> [Information supplied]
◆ ◆ ◆ ◆

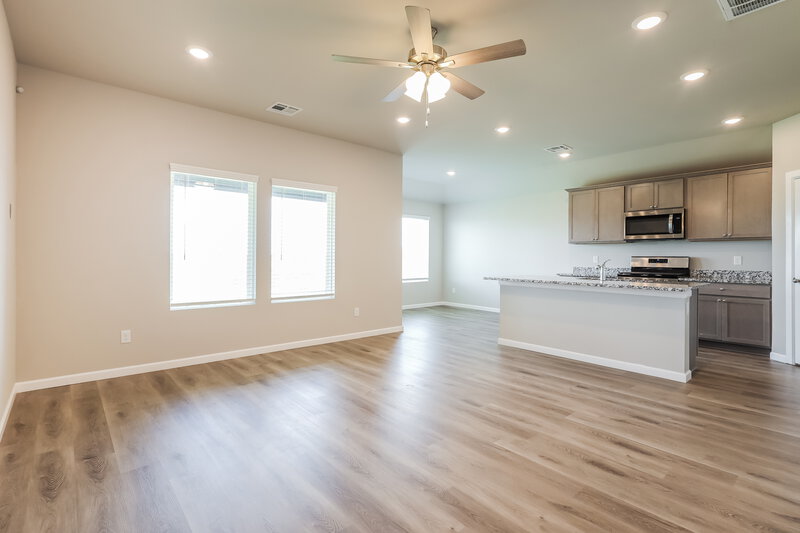 1,690/Mo, 4000 Canyon Ridge Lane Mustang, OK 73064 Living Room View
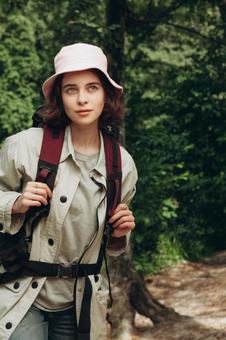 両手でリュックを背負う女性 女性,外国人,登山の写真素材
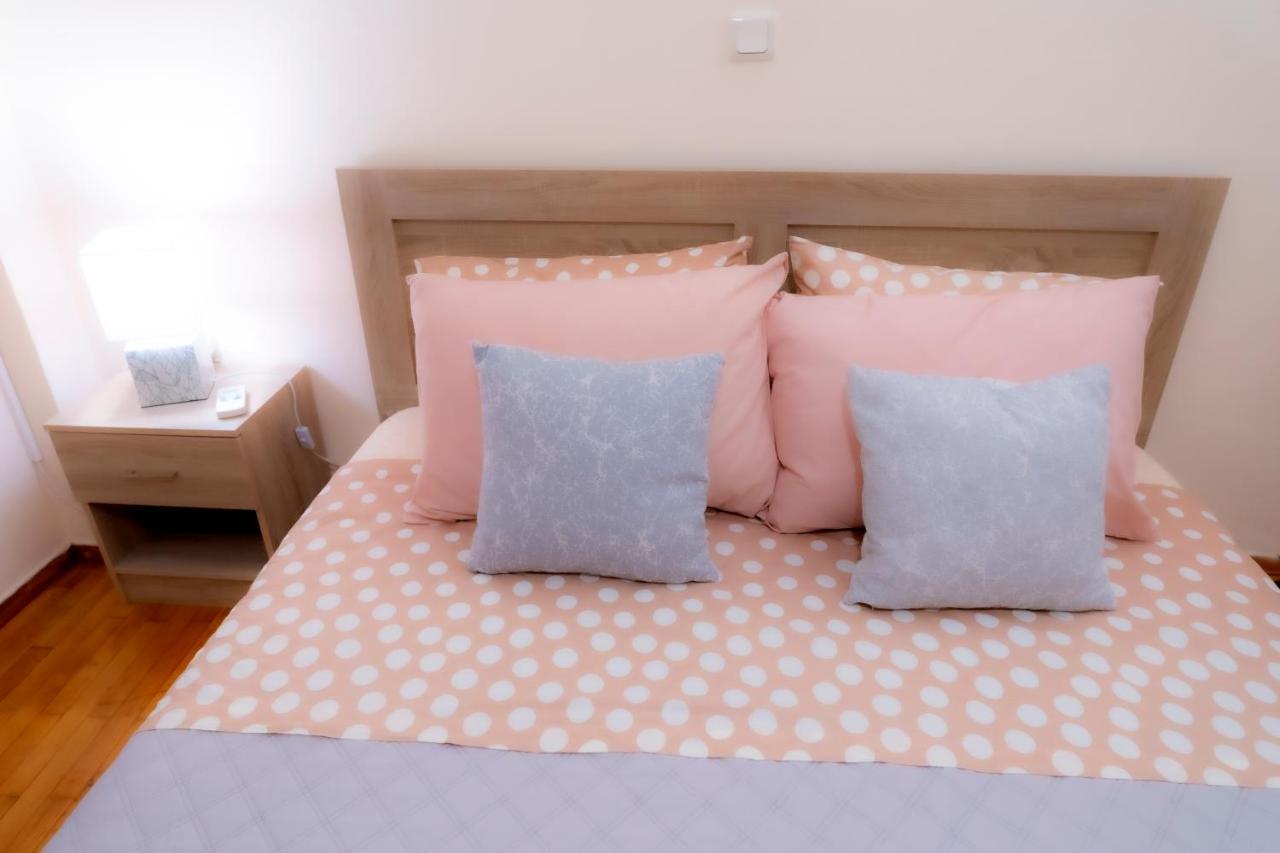 אתונה Myrtle, City Center Renovated Apartment מראה חיצוני תמונה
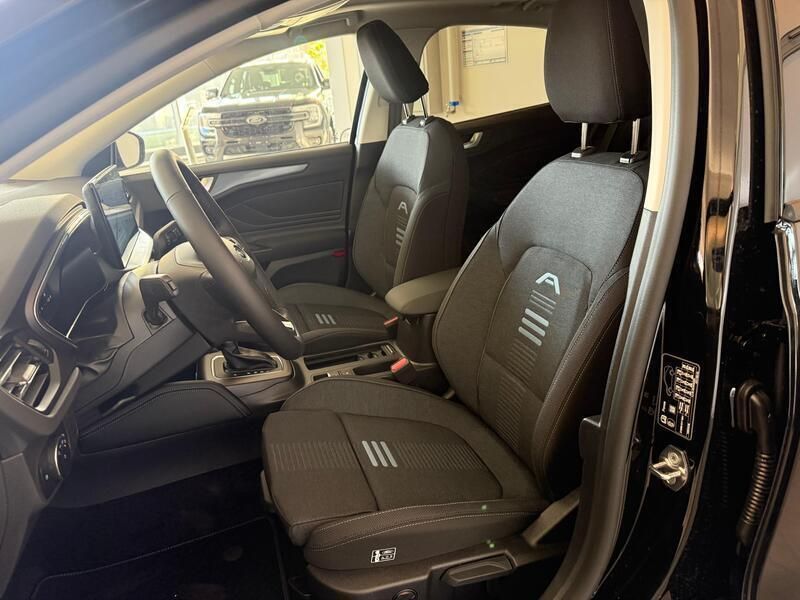 Neu Ford Focus Active X 155 PS (114 kW) 2025 Schwarz Limousine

◆ ◆ ◆ ◆

> [About this task]
Nothing but the lines from the one that holds "両手でリュックを背負う女性 女性,外国人,登山の写真素材" through the end of the data should appear, written out exactly, without pictures.

> [Solution to this task]
 両手でリュックを背負う女性 女性,外国人,登山の写真素材
 אתונה Myrtle, City Center Renovated Apartment מראה חיצוני תמונה
 Neu Ford Focus Active X 155 PS (114 kW) 2025 Schwarz Limousine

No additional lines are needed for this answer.